Top of Data shown

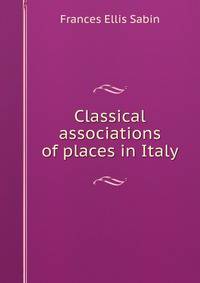 Classical associations of places in Italy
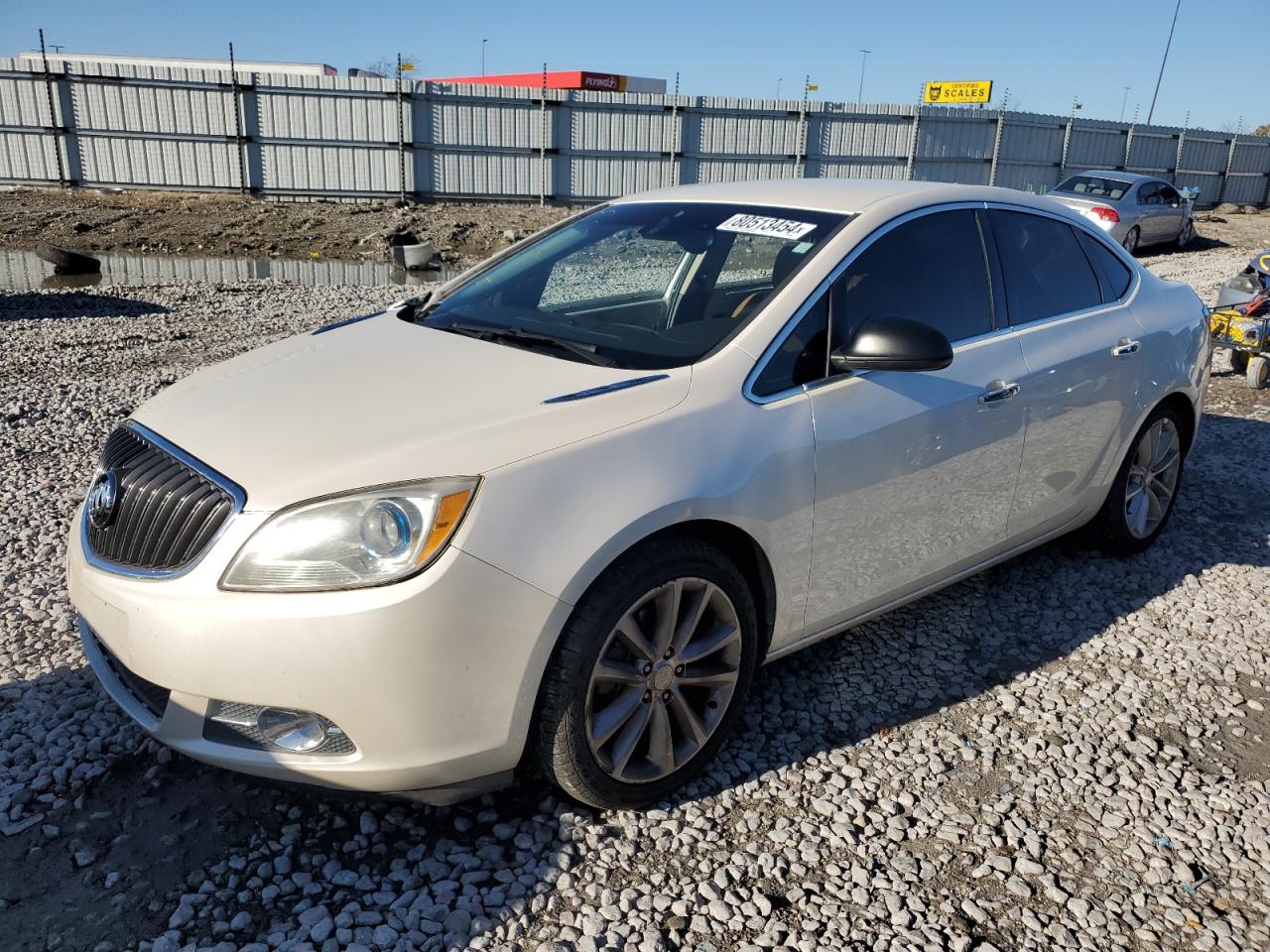 BUICK VERANO 2013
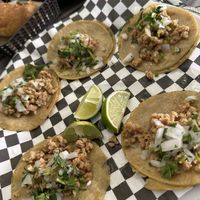   at Restaurante Vegetariano Terra Nostra in Mexico City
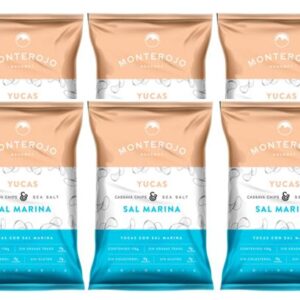 Yucas Monterojo x 6 und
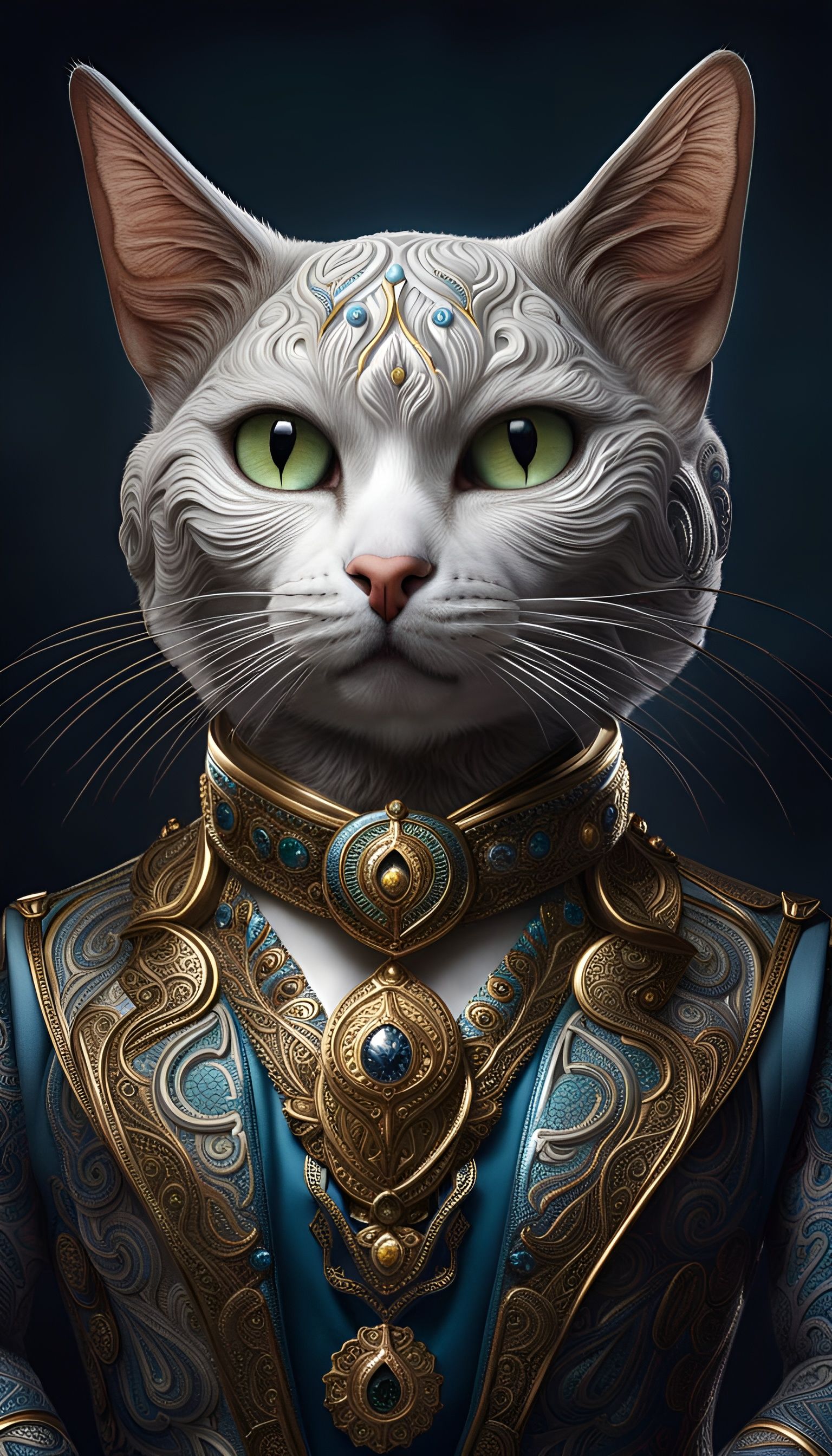 AristoCAT  by @Maximus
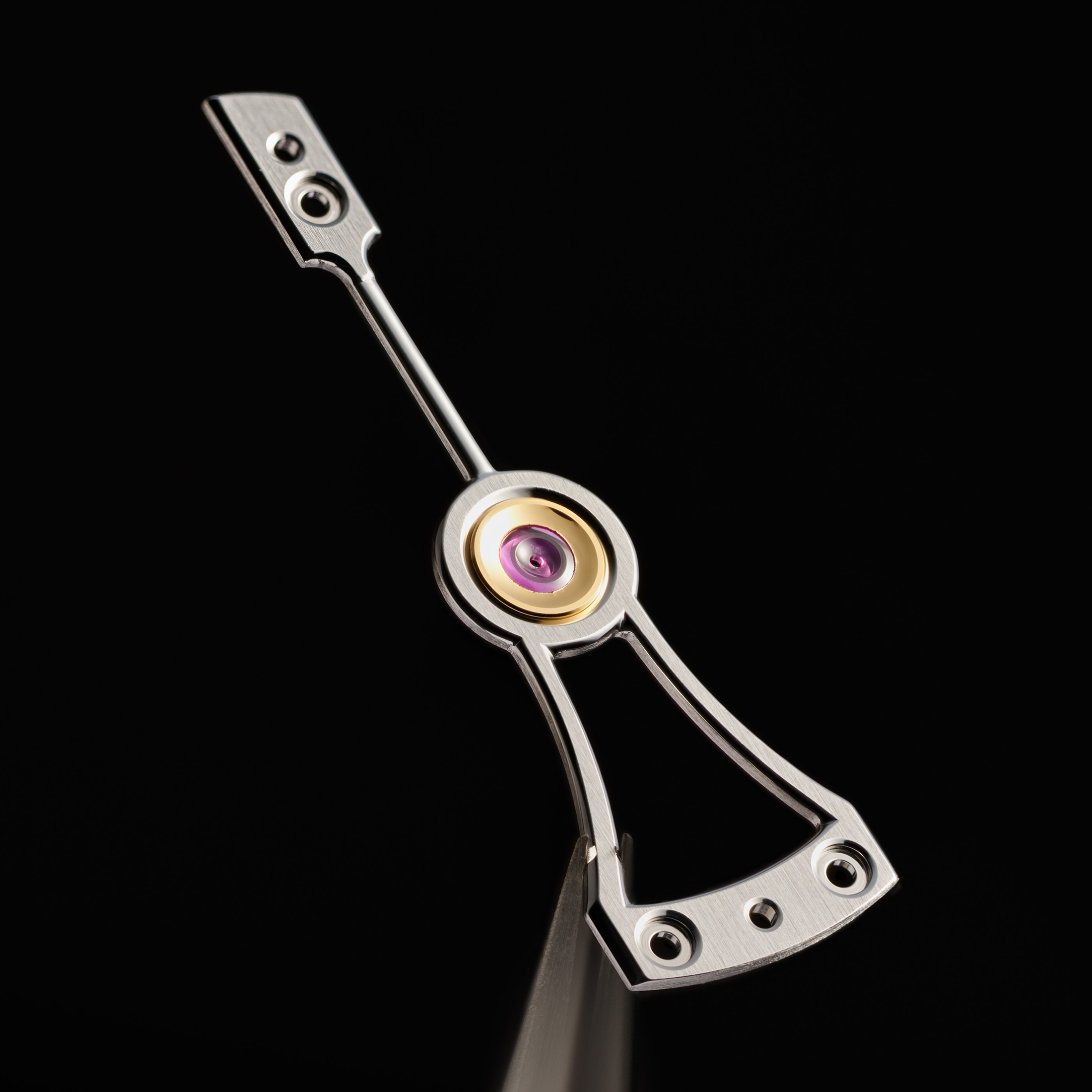 Laurent Ferrier Workshop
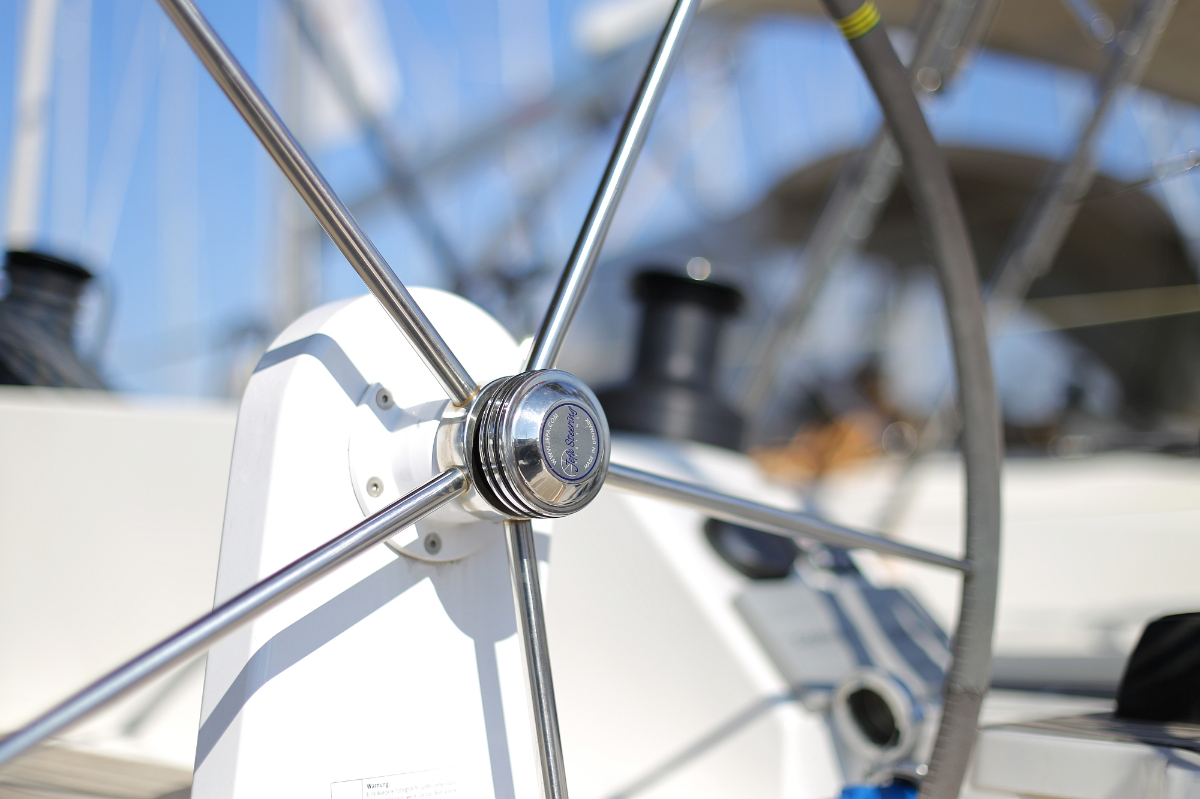 Photo #11 - Bavaria Cruiser 41 - 3 cab. (Morellina) in Pula - 30412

Bottom of Data shown

**Exercise description**
Print each record as it appears above, dropping every picture from the copy.

**Task answer**
 Classical associations of places in Italy
 BUICK VERANO 2013
   at Restaurante Vegetariano Terra Nostra in Mexico City
 Yucas Monterojo x 6 und
 AristoCAT  by @Maximus
 Laurent Ferrier Workshop
 Photo #11 - Bavaria Cruiser 41 - 3 cab. (Morellina) in Pula - 30412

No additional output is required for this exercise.